Using 'Open Source' Commercially
September 14, 2007
I’ve been writing recently, mostly because our ThreeWiseMen.ca website needs an overhaul for content.
Three Wise Men is my software development company. The core product offering is professional software development services. For about 15 years I’ve personally been leveraging open-source software components to accelerate development of personal and professional projects, and I’ve been rattling around in my head a good way to put what I do onto paper in understandable terms (remember my post the other week).
Reconciling the concept of software developed in an open community, utilized by highly proprietary and private commercial firms takes some getting used to.
I think I’ve been on most sides of the fence.
While none of the original software I’ve written under an open-source license has become popular, it was written to alleviate pain felt in the commercial space. I don’t believe it can become popular simply because it doesn’t solve a common enough problem, and while it was original it was not strictly unique.
I’ve contributed in various ways over the years directly and indirectly to popular (and some not-so-popular) open-source projects. But what does it mean to contribute?
- Use it
- Talk about it with your social community (friends, customers, etc)
- Send feedback or questions to the mailing lists
- Respond to feedback or questions on the mailing lists
- Write or correct documentation for it (hopefully they use a wiki, or send content to the committers)
- Fix problems, send patches to the committers (the person or people who manage the official open-source distribution)
- Become a committer
Many people don’t go much beyond the “Use it” stage, which I believe is still a significant and tangible contribution to the project by raising it’s popularity or number of users. “Talk about it” is actually a short step up, if you don’t open conversation you can certainly continue a conversation about it.
Use it Because They Want You To
People contributing to open-source projects have all kinds of motivations. In my experience, however, one thing has held true - developers like to be proud of their work. Whether they’re getting paid to contribute by a sponsor, or whether they contribute in their spare time, they do this because they like to, something drives them to it, and it’s satisfying when they are successful.
You’re not abusing them, you’re not extorting them, they (the individuals and sponsors) choose to do what they do. Usually because they have some private or commercial gain from their work. If you can too, more power to you.
Sometimes I’ve seen contributors take on attitudes, not unlike the attitudes that can sometimes develop within corporate IT. I’m not entirely sure the underlying reason there, but I expect it’s because they’re overwhelmed, aren’t receiving the help they need to do a “proper job”. That’s a pretty broad brush-stroke, but I don’t think I’m too far outside the lines.

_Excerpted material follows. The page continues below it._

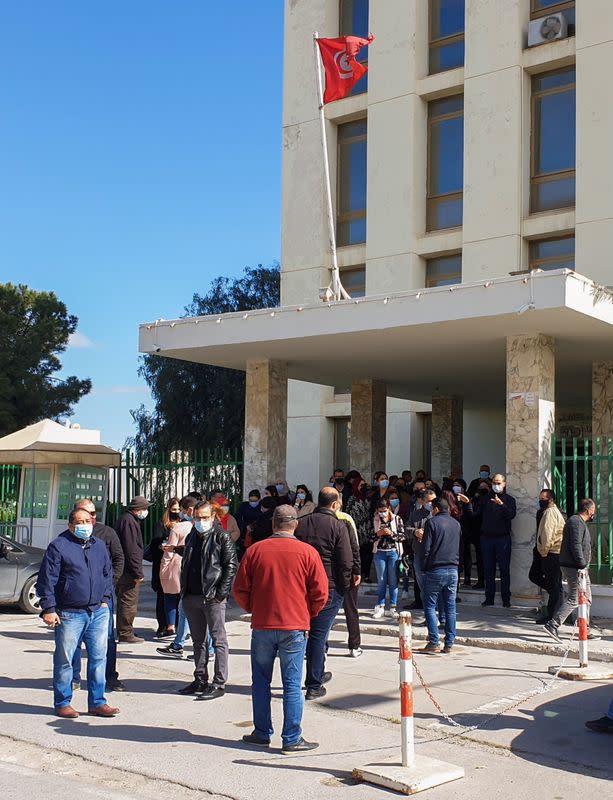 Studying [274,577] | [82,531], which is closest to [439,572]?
[274,577]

Use it Because They Know What They’re Doing
One of my favourite ideas I originally heard from Simon Phipps, who attributes Bill Joy. It’s the idea that you can’t hire all the good people. They’re just not available to you. A great example of this is the Apache Lucene project.
Go to the Lucene project management committee page, google the names you find there. You’ll find some really smart folks that you’d love to have on your team, but they’re all over the world, often employed, and just simply unavailable. But they know their stuff.

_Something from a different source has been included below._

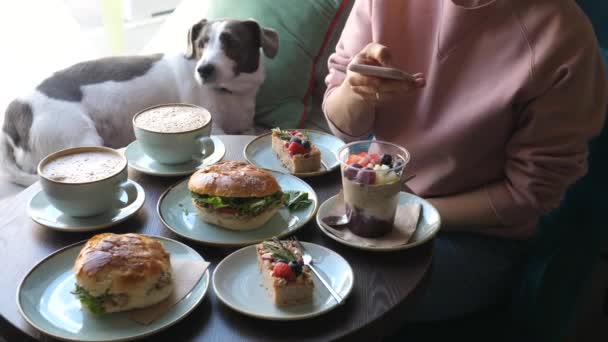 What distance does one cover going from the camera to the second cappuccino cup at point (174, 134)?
1.06 metres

Use it Because It Makes You Harder / Better / Faster / Stronger
Pardon the Daft Punk, but this is what you want in a commercial venture. You want an edge, or at least not to be disadvantaged when others have this edge.

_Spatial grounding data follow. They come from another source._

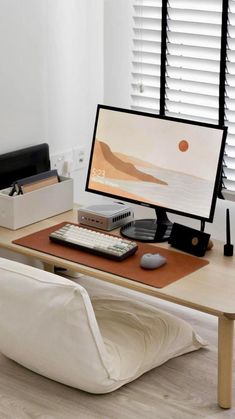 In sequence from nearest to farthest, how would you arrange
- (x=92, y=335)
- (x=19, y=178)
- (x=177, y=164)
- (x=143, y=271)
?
(x=92, y=335)
(x=143, y=271)
(x=177, y=164)
(x=19, y=178)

You want fewer bugs. You want more features. You want better optimization. You want more flexibility. So do your customers.
Use it WHEN the License Says You Can
The only thing to watch is the various open-source licenses. There’s a reason there are so many - there are as many as there are motivations for building code.
GPL is great when you intend to give back to the community, other licenses like Apache, BSD, even LGPL are good if you want to simply leverage and embed open-source code in your own projects.
So there you have it, don’t be afraid but be aware, and enjoy the tremendous wealth of open-source projects out there.